#### [What to do]
Within the listing below, give again exactly the lines between the one containing "This completes the" and the one containing "Hello, I'm Radhan", inclusive, pictures left aside.
Exercise material START
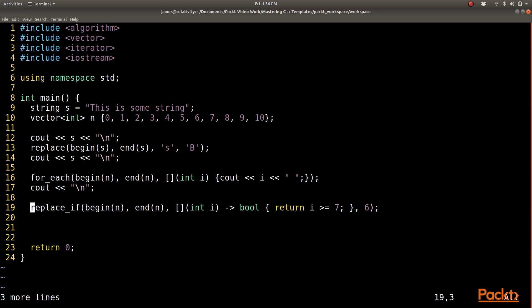And next, I am going to run a replace if. I am going to go from the beginning of n to the end of n, and I am going to say that if the predicate is true when i is greater than or equal to 7, so if the value at that position meets that predicate, replace it with the number 6.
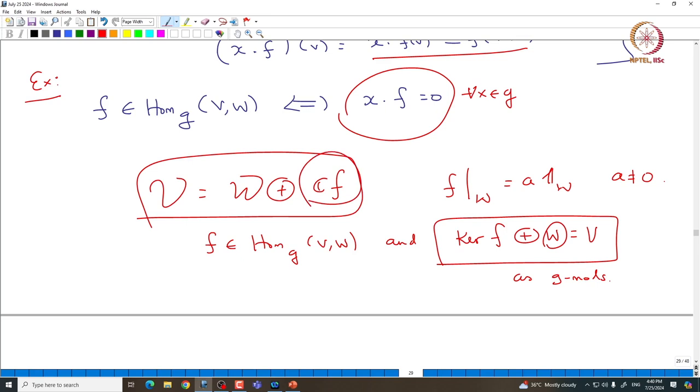This completes the proof of complete reducibility. As I said, the action of the Casimir element on a given representation is used very much. Later we will compute the action of the Casimir element explicitly on a given irreducible representation and see that it must act as a non-zero scalar, giving another proof of complete reducibility. I will stop here and we will continue in the next class.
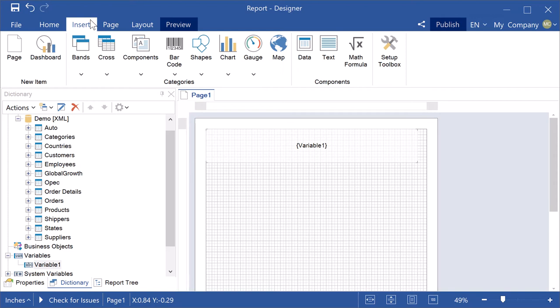Hello, I'm Radhan from Stimosoft and today I will tell you how to localize variable values depending on report culture.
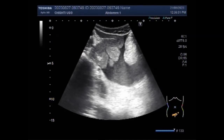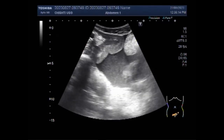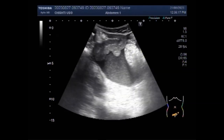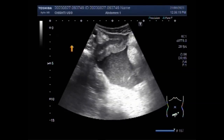Now you can see the lower abdominal cavity, and again a large amount of free fluid which is thick and turbid, seen in the lower abdominal cavity in the area just above the urinary bladder. Gut loops are seen floating in this fluid, but no intestinal motility is seen.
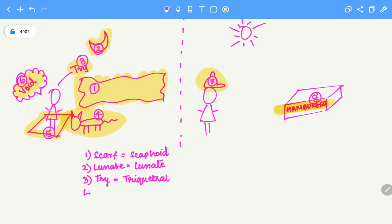Four is the pussy, which is pisiform. These four are the proximal row.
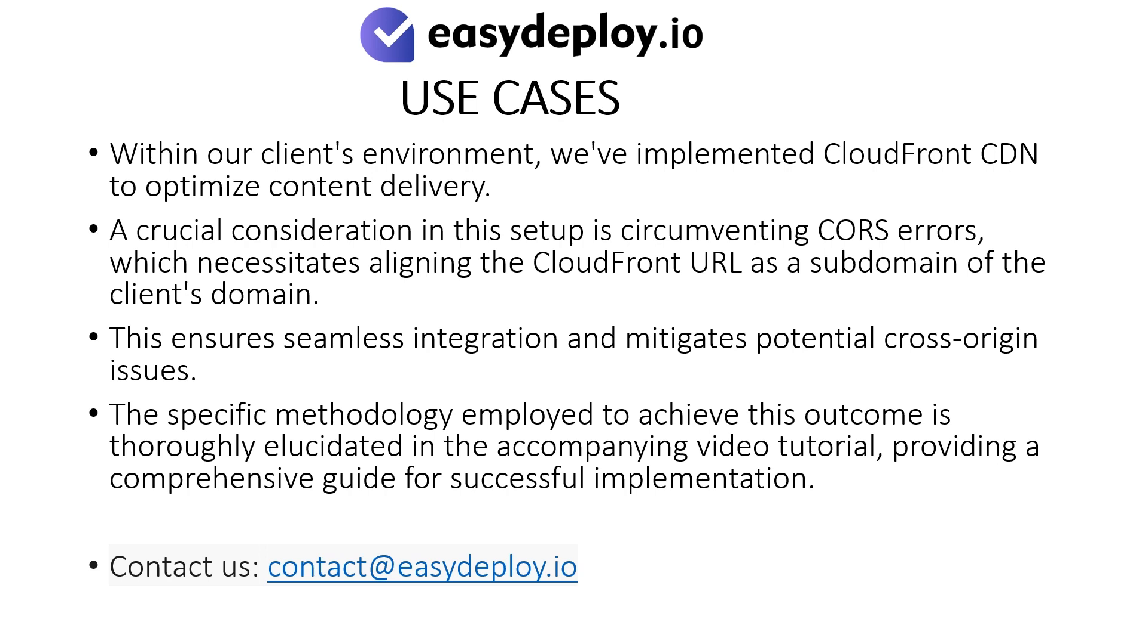This ensures seamless integration and mitigates potential cross-origin issues. The specific methodology employed to achieve this outcome is thoroughly elucidated in the accompanying video tutorial, providing a comprehensive guide for successful implementation.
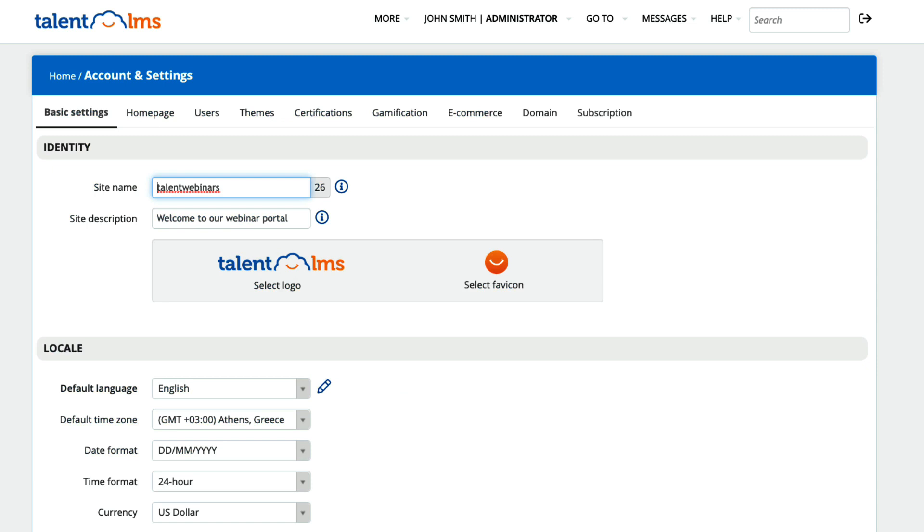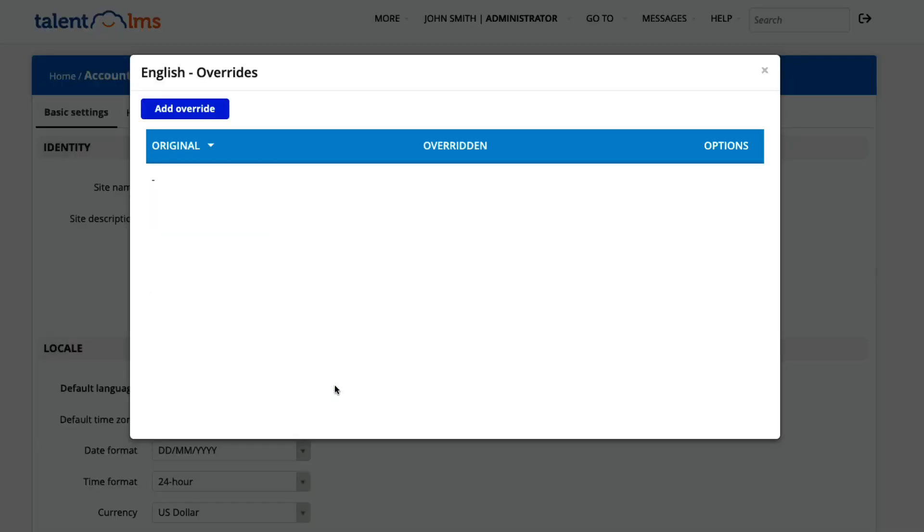Next to the language, you will see a little pencil. If you click on it, the overrides page will pop up to create new entries.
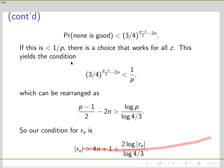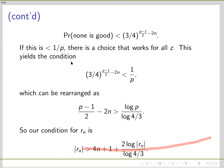Now if this probability is less than 1/p, then those events do not cover the complete probability space — something will be out — and there is a choice that works for all z simultaneously. We need only one such choice, not a majority. So the condition is (3/4) to the number of pairs should be less than 1/p, and if we rearrange this we get that (p minus 1)/2 minus 2n is bigger than a constant times log p, which means p should be somewhat bigger than 4n, basically 4n plus a constant times log n.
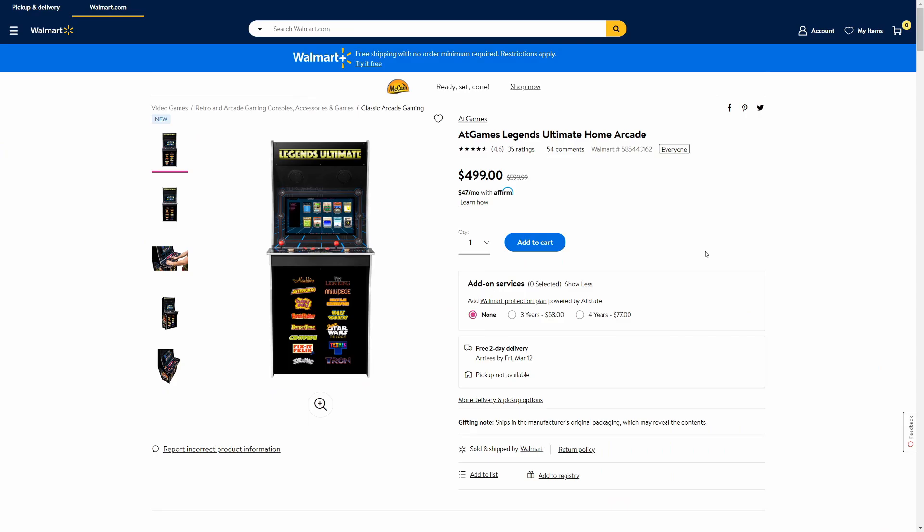All right guys, so this is the At Games Legends Ultimate Home Arcade, and this is currently a hundred dollars off from $599 to $499.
Exercise material END
#### [Exercise response]
This completes the proof of complete reducibility. As I said, the action of the Casimir element on a given representation is used very much. Later we will compute the action of the Casimir element explicitly on a given irreducible representation and see that it must act as a non-zero scalar, giving another proof of complete reducibility. I will stop here and we will continue in the next class.
Hello, I'm Radhan from Stimosoft and today I will tell you how to localize variable values depending on report culture.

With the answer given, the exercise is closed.